Scraped caption text data:
--*--

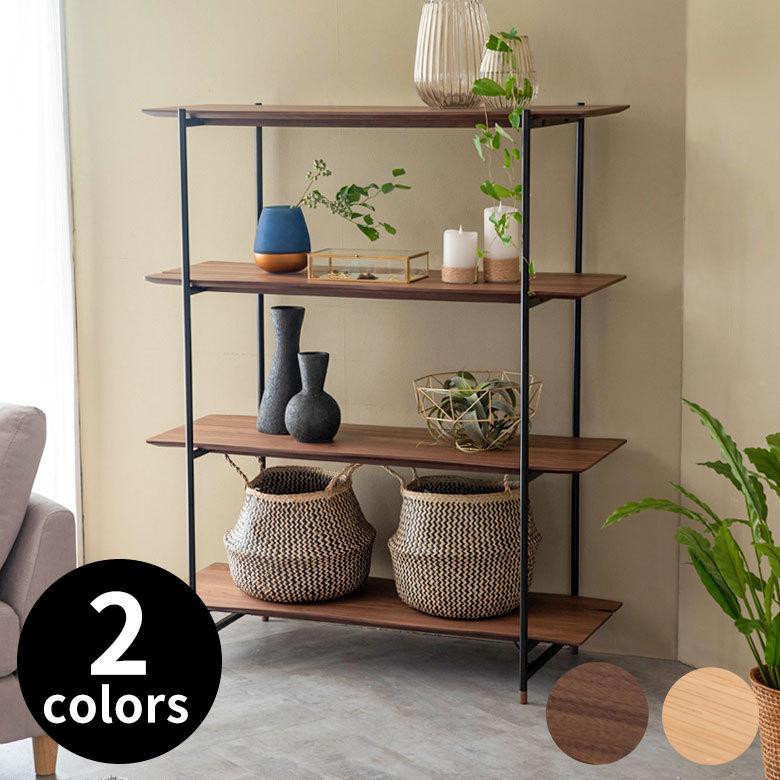 シェルフ 棚 4段 オープンシェルフ 天然木 スチール ナチュラル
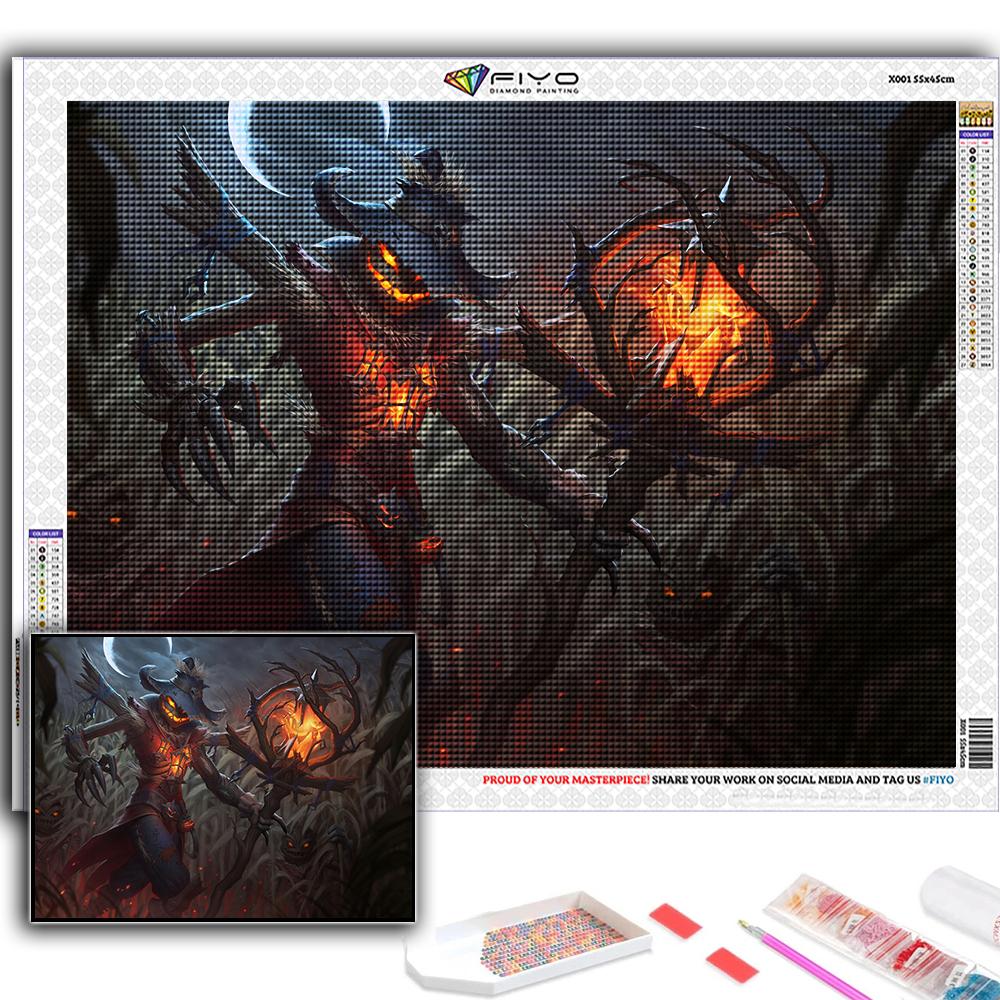 5D Алмазная картина Хэллоуин Страшная голова тыквы Человек DIY Алмазная вышивка Горный хрусталь Украшение дома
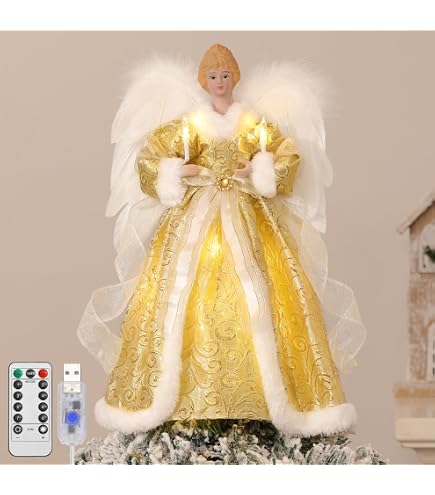 Goodwill Ange De Sapin En Résine Et Tissu Blanc Doré - 31 Cm, Décoration Arbre De Noël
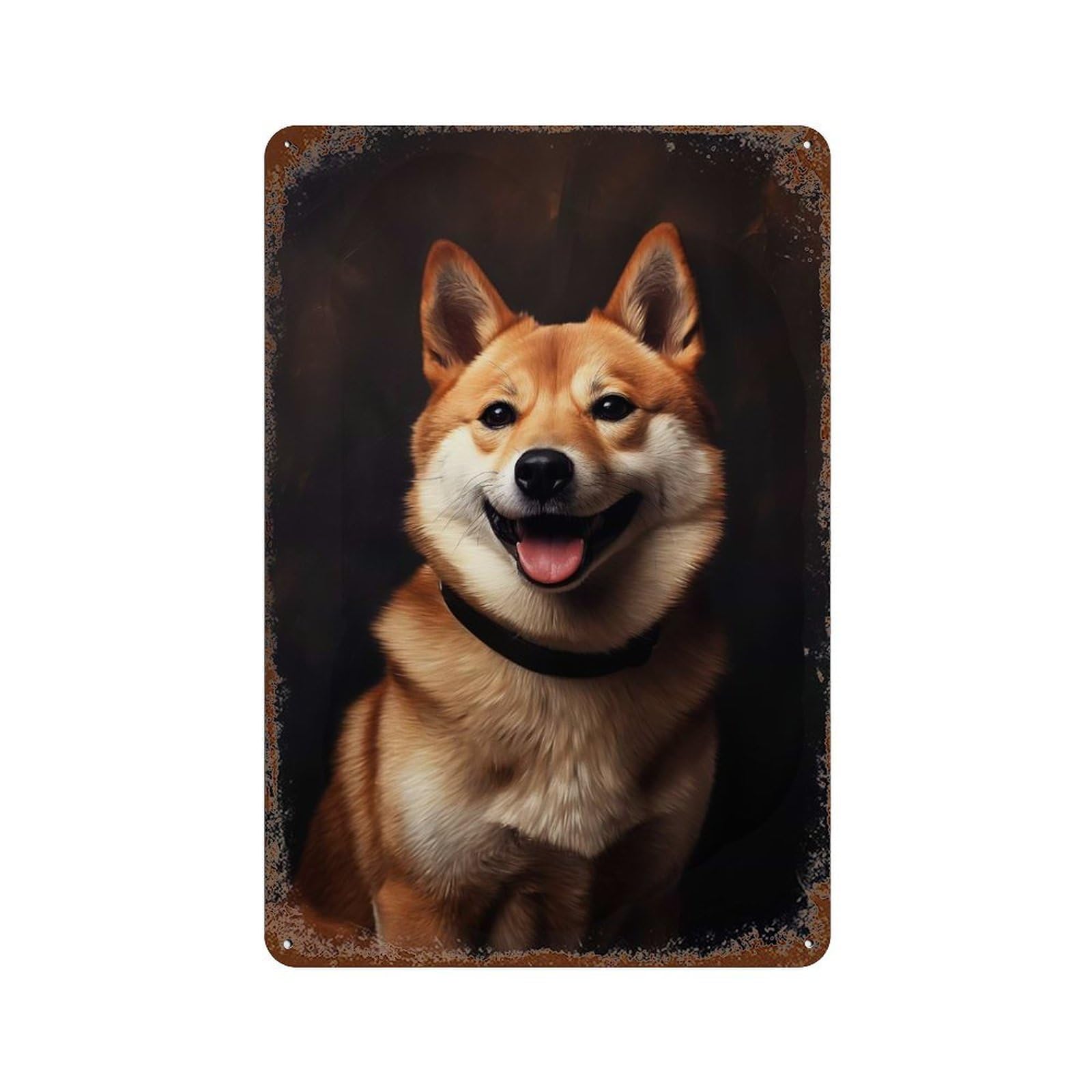 Shiba Inu Dog Vintage Rust Metal Sign 11.8"x7.9", Shabby Chic Decor for Living Room, Hallway And Home Decor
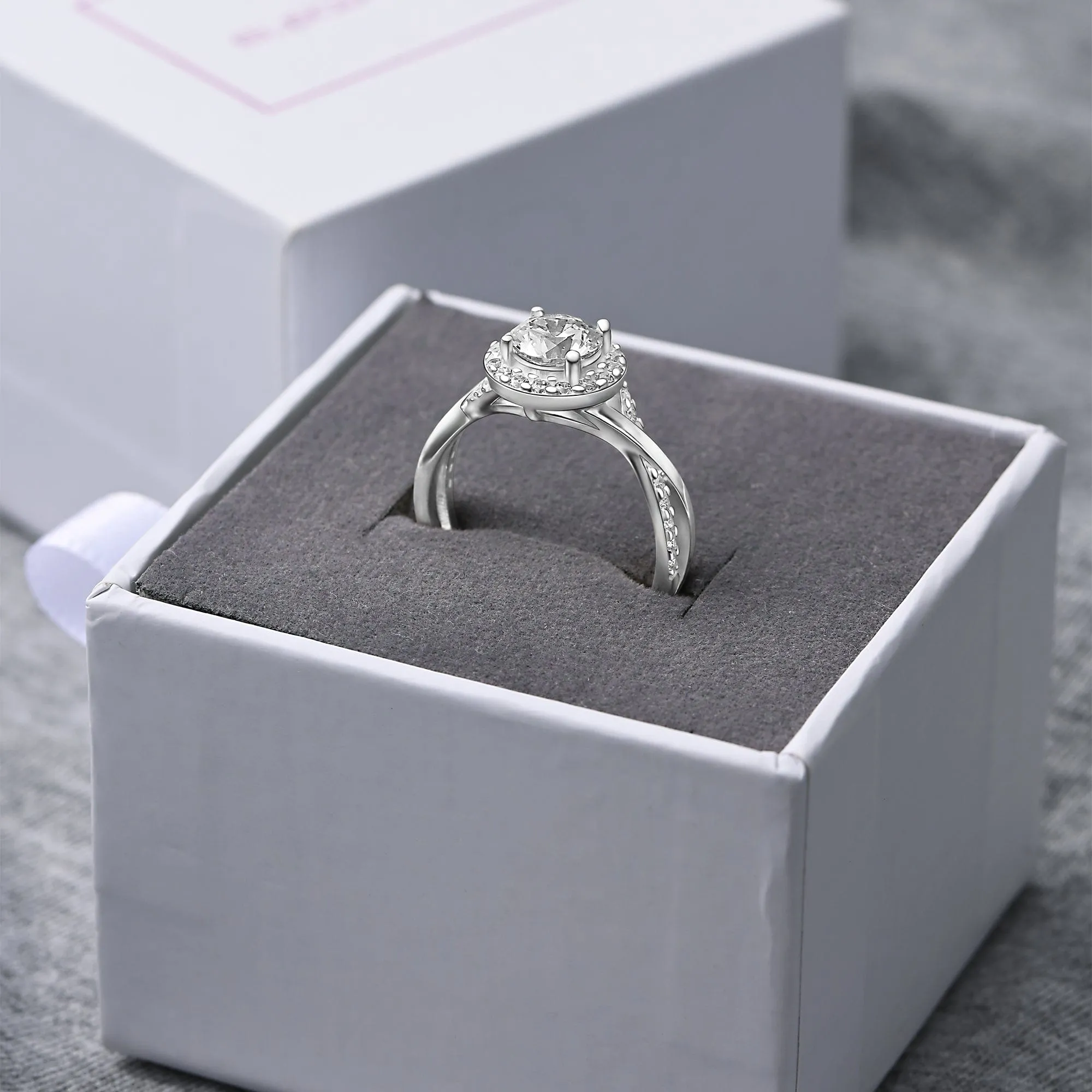 Infinity Twist CZ Halo Engagement Ring Silver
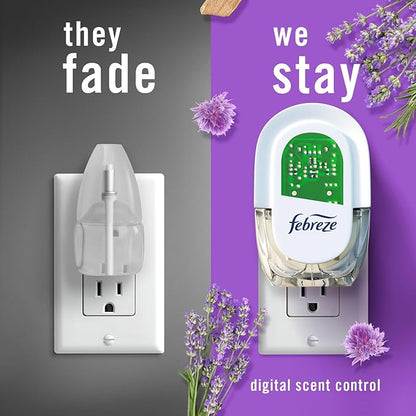 Febreze Plug In Air Freshener, Odor-Fighting Scented Oil Refill, Twlight Lavender and Downy April Fresh Scents, 4 Refills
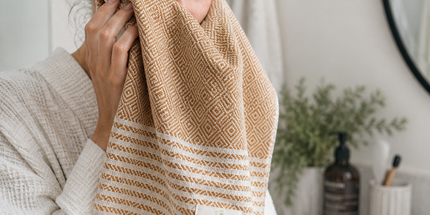 Turkish Cotton Hand Towel Yellow Stripes 45x90cm | Soft & Quick-Dry | SunKiss Dubai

--*--

_WHAT YOU SHOULD DO:_ The response must restate exactly the lines from the one containing "Goodwill Ange De" through the end of the records above and must leave out all pictures.

_EXERCISE OUTPUT:_
 Goodwill Ange De Sapin En Résine Et Tissu Blanc Doré - 31 Cm, Décoration Arbre De Noël
 Shiba Inu Dog Vintage Rust Metal Sign 11.8"x7.9", Shabby Chic Decor for Living Room, Hallway And Home Decor
 Infinity Twist CZ Halo Engagement Ring Silver
 Febreze Plug In Air Freshener, Odor-Fighting Scented Oil Refill, Twlight Lavender and Downy April Fresh Scents, 4 Refills
 Turkish Cotton Hand Towel Yellow Stripes 45x90cm | Soft & Quick-Dry | SunKiss Dubai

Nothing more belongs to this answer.